Le discours de l'officier, qu'il répète tous les soirs à ses hôtes muets, sur lequel, en musicien de formation, il joue des variantes, à partir duquel il invente des rhapsodies, tient en peu de mots, tient en quatre mots:
J'aime la France!, ce qui a pour effet de frapper de mutisme ses hôtes qui éprouvent, parce qu'ils sont Français, pour la France les mêmes sentiments. Le dominant, ainsi, parlant trop bien, vole la parole de ses dominés qui, s'ils l'ouvraient, n'auraient d'autre discours à tenir que celui du même amour. Le conquérant allemand, alors, prend sur lui le gros et brave boulot du discours d'amour auquel il se devait en tant que conquérant convoitant, désirant et en plein travail de valorisation de sa victime; ce conquérant se projetait, n'empruntait
qu'à son père (cas du personnage du Silence de la mer) le discours d'amour sur la terre à conquérir et maintenant, grâce au fils, conquise.

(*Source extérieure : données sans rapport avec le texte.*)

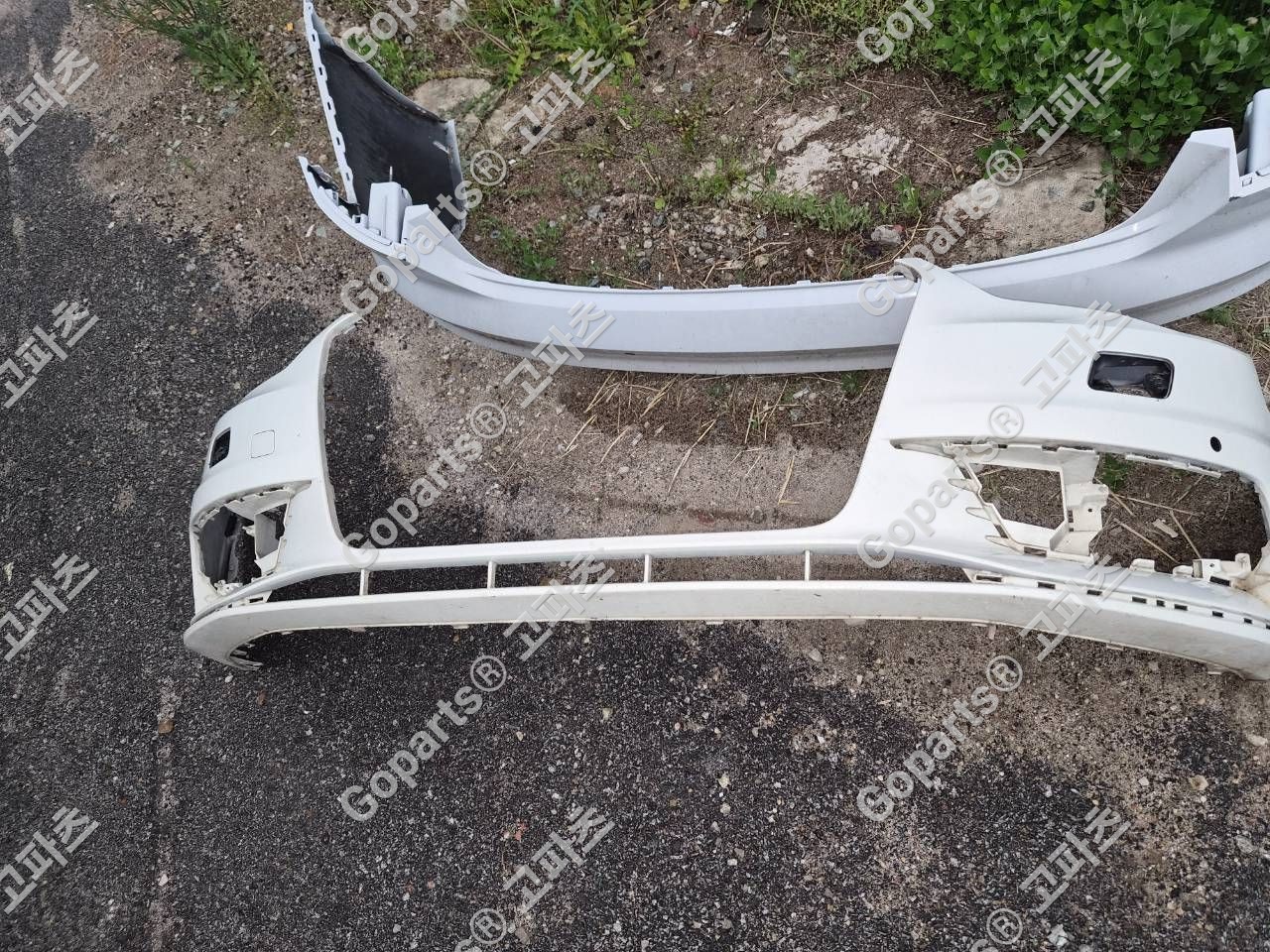 아우디 A3 8v5 전범퍼 8v5807437 200000원 중고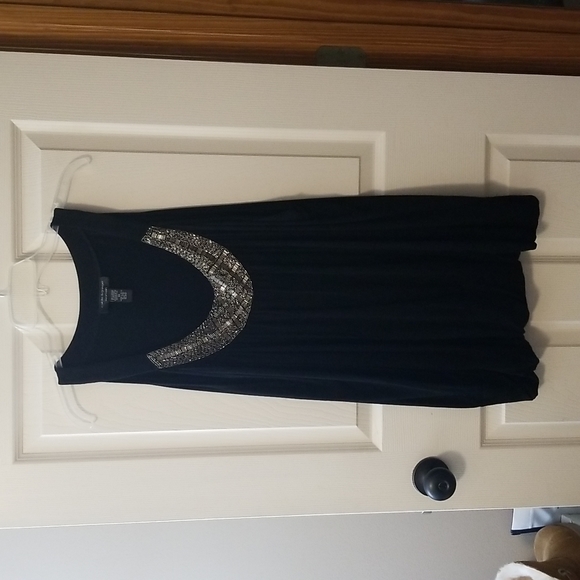 Cable & Gauge flowy jeweled sleeveless top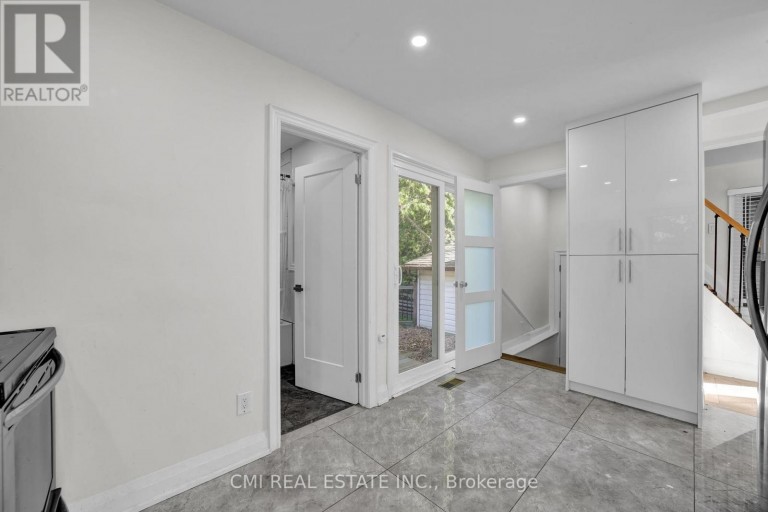 153 CLARENCE STREET, Vaughan (West Woodbridge), Ontario, L4L1L4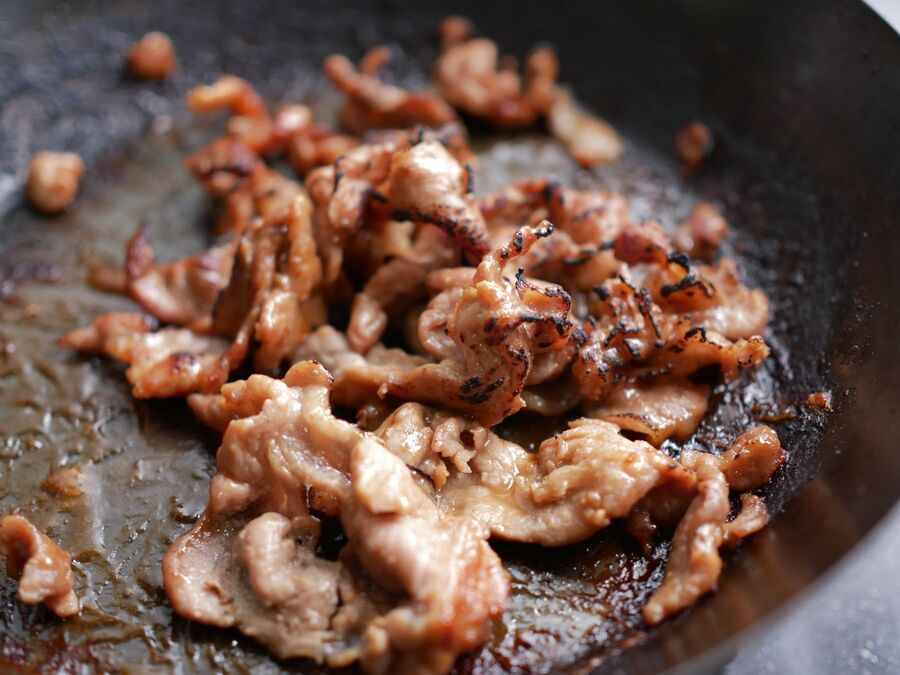 豚こま肉が炒めても固くならない 本当に簡単な方法 暮らしニスタ 豚こま肉が炒めても固くならない 本当に簡単な方法 暮らしニスタ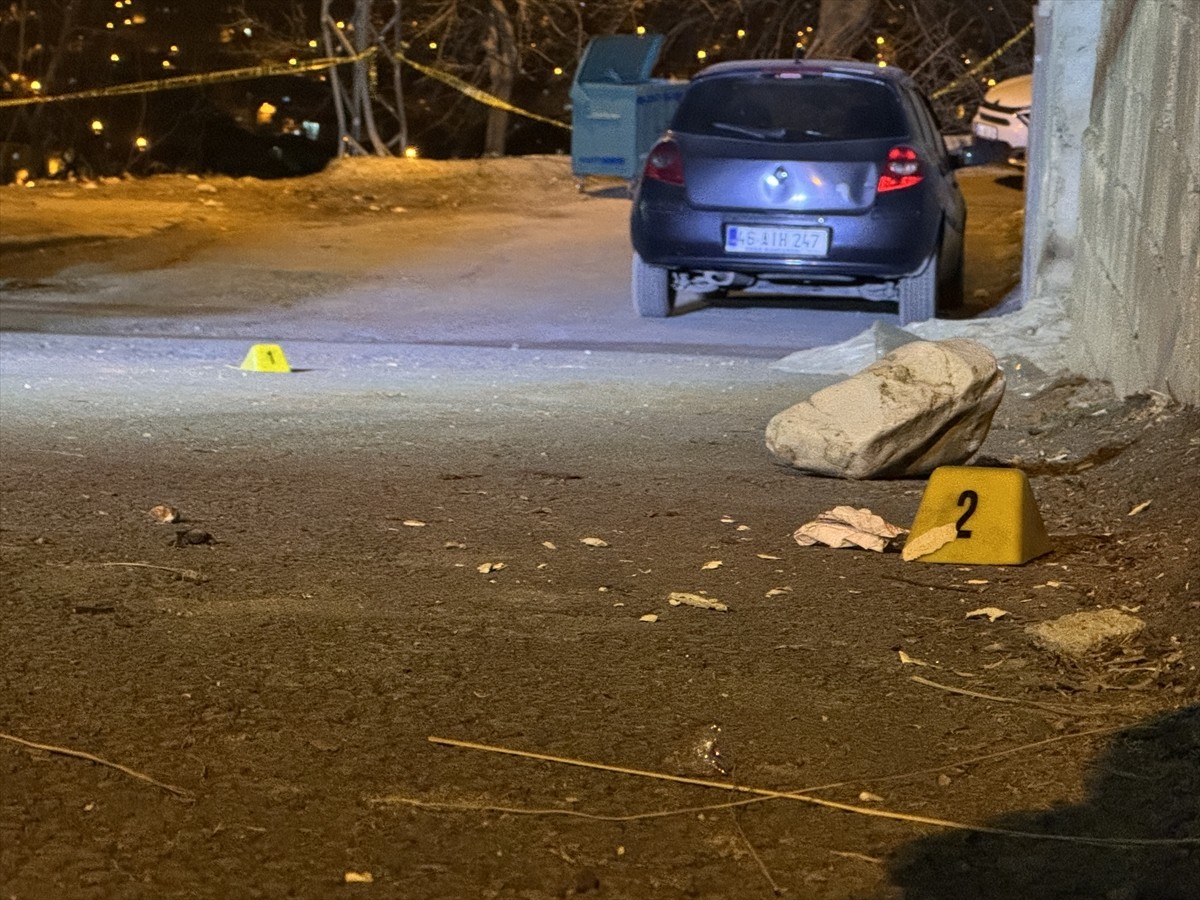 Kahramanmaraş'ın Dulkadiroğlu ilçesinde çıkan silahlı kavgada 1 kişi öldü, 1 kişi yaralandı. Polis...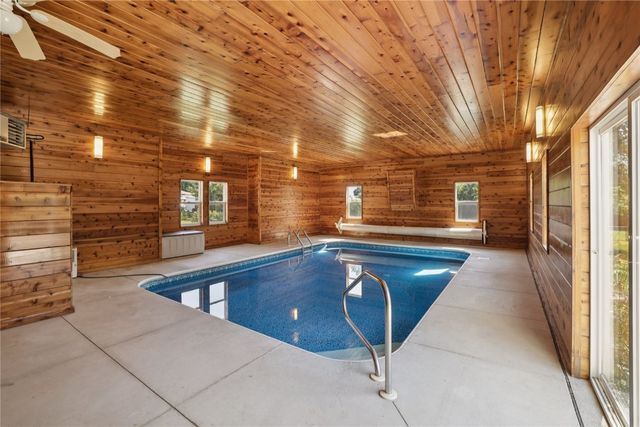 5705 Beverly Road SW, Cedar Rapids, IA 52404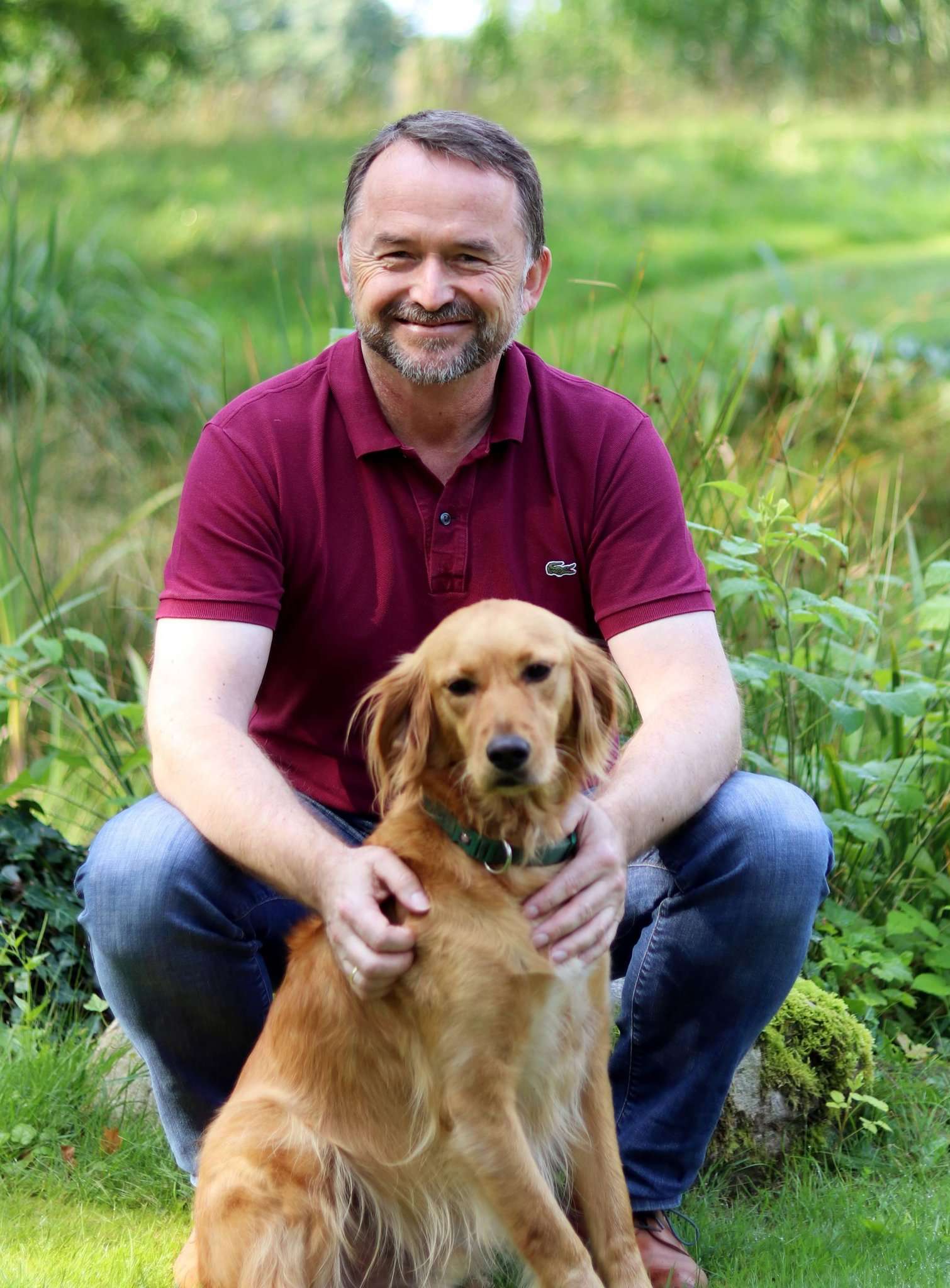 Der tägliche Spaziergang mit Hund Oskar hilft Dirk Eberle beim Entspannen. 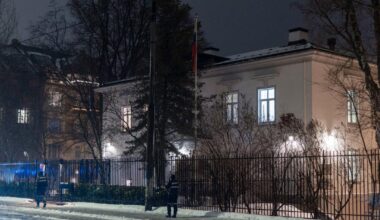 Skoleklasse fra Oslo besøkte Russlands ambassade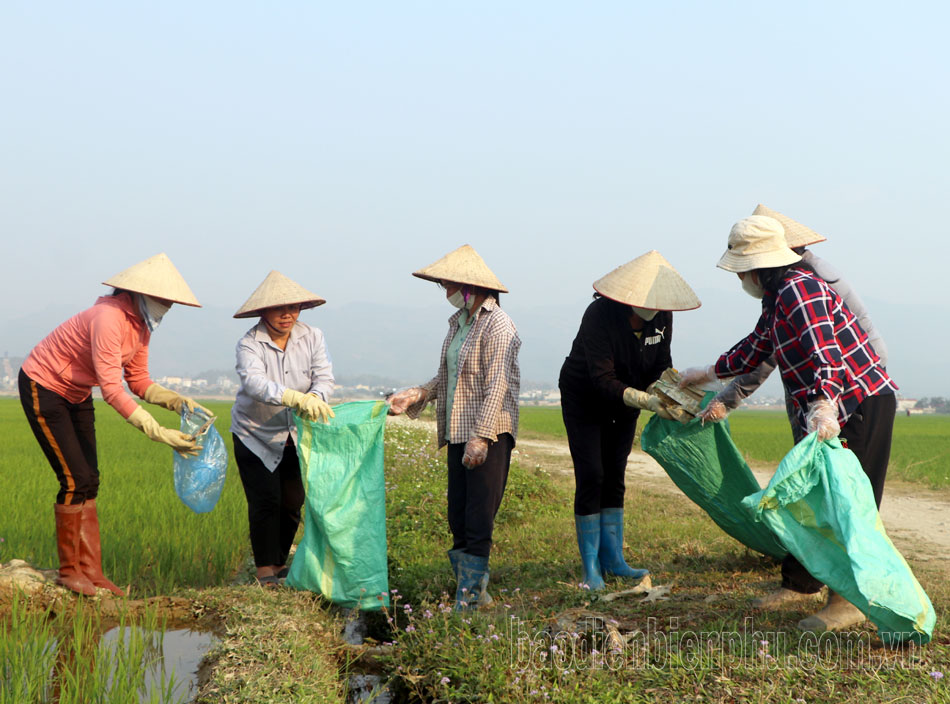 Điện Biên: Chống rác thải nhựa bằng những hành động thiết thực Điện Biên: Chống rác thải nhựa bằng những hành động thiết thực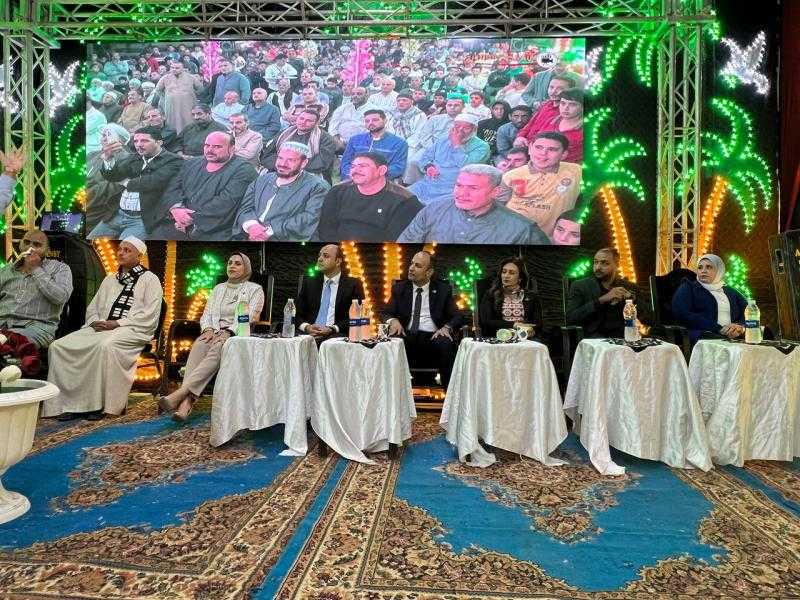 حزب العدل يعقد مؤتمرا جماهيريا لدعم مرشحه حسين حلمي في ”النواب”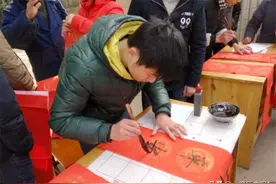 火葬场门前的上联“早来晚来早晚得来”，看到下联，让人很不舒服图片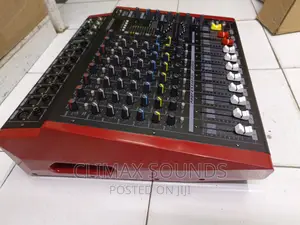 Max 8 Channels Powered Mixer Professional Max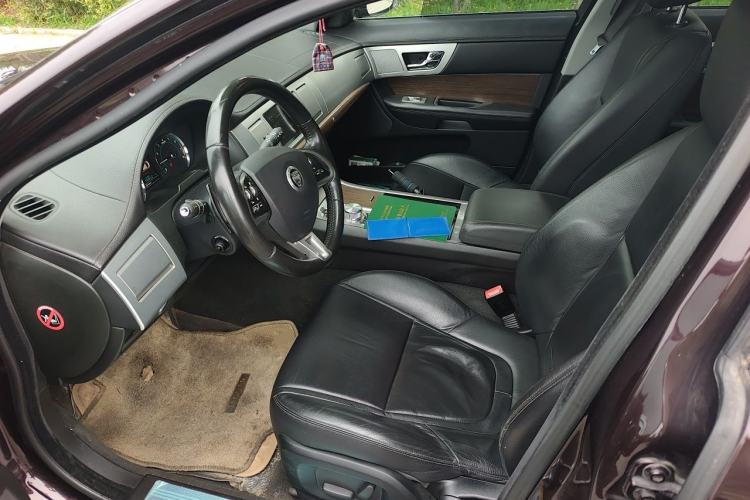 Used Jaguar XF 2013 XF 2.0T Luxury Edition Left Front Seat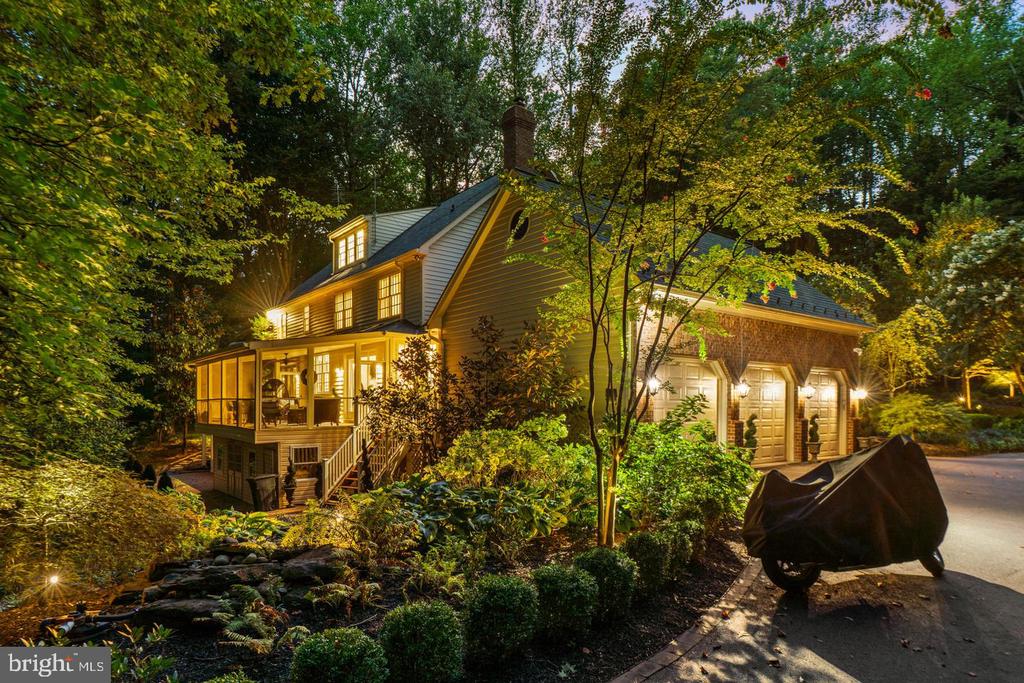 2005 SAINT STEPHENS WOODS DRIVE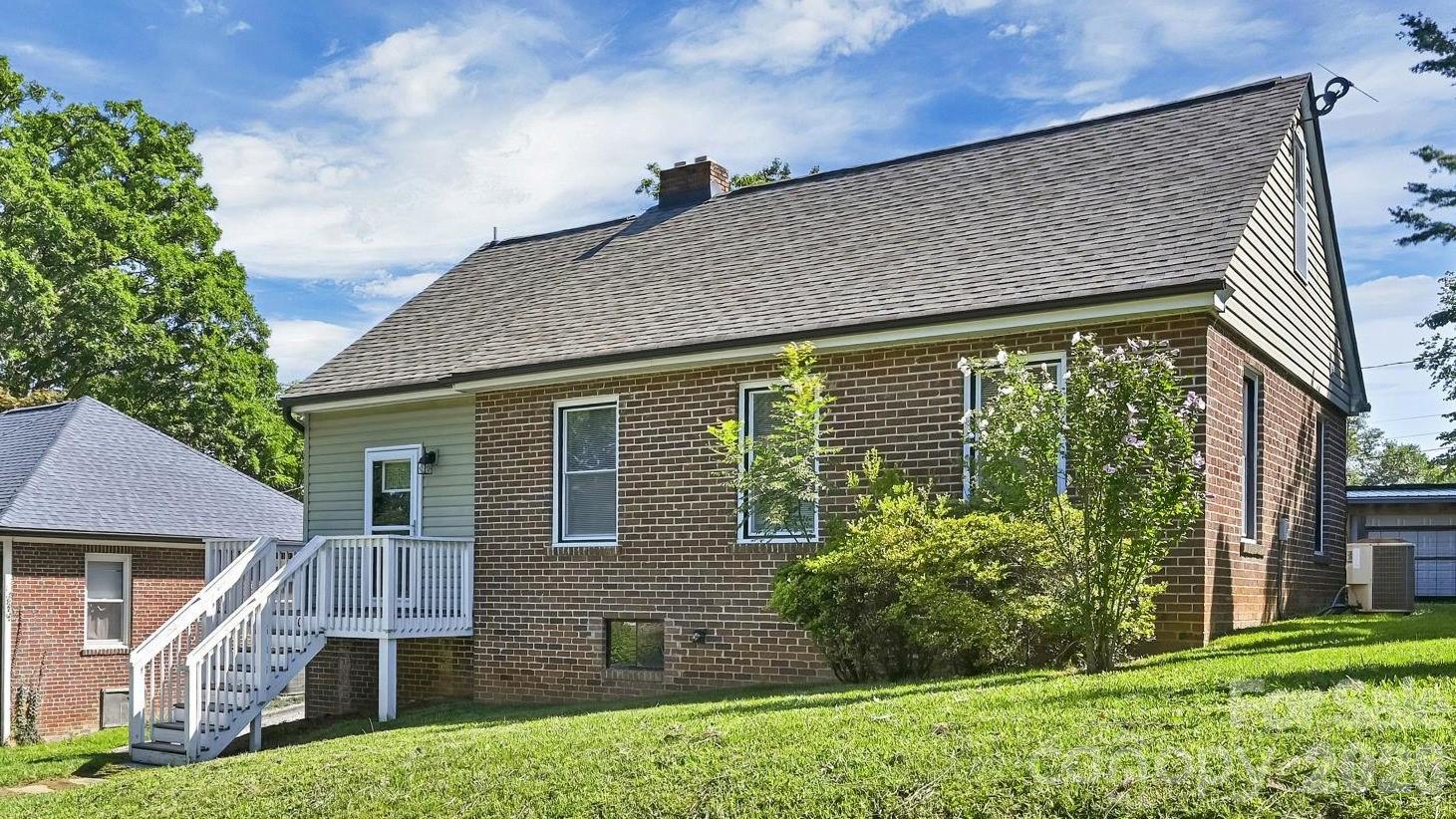 10 Enka Oak Street Property Photo 30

Les saloperies de CPF, ceci dit en passant, n'empruntent rien du discours d'amour, du discours obligé du nouvel arrivant sur la terre d'accueil que leurs pères leur avaient pourtant enseigné. Ce discours d'amour de la France était très disputé au milieu du siècle dernier: on s'était déchiré, Arabes compris, sur cette terre parce qu'on l'aimait, parce que l'on tenait à son sujet un discours d'amour et d'appropriation mêlés.
Le nouveau conquérant, parce qu'il est indigne de ce rôle, a aujourd'hui besoin du collabo disert, éclairé, pour lui éclairer le chemin de la domination. Cela est remarquable, cela fait une différence historique signifiante: l'Allemand discourait en envahissant; ses dominés se taisaient, étaient
ravis, privés de parole et de discours; tandis que l'actuel envahisseur indigne éructe, bafouille, baragouine le discours que son dominé doit lui articuler à l'oreille complaisamment, en dominé disert : l'antiracisme, le "vivre ensemble", le "respect des différences", etc. La Halde, par exemple est bien cela: une petite famille de Desouches mobilisée, droite dans ses petites bottes, pour parler, discourir à la place des nouveaux installés sur le territoire... plaidoyer abondamment, bavasser l'argument du conquérant en lieu et place du conquérant.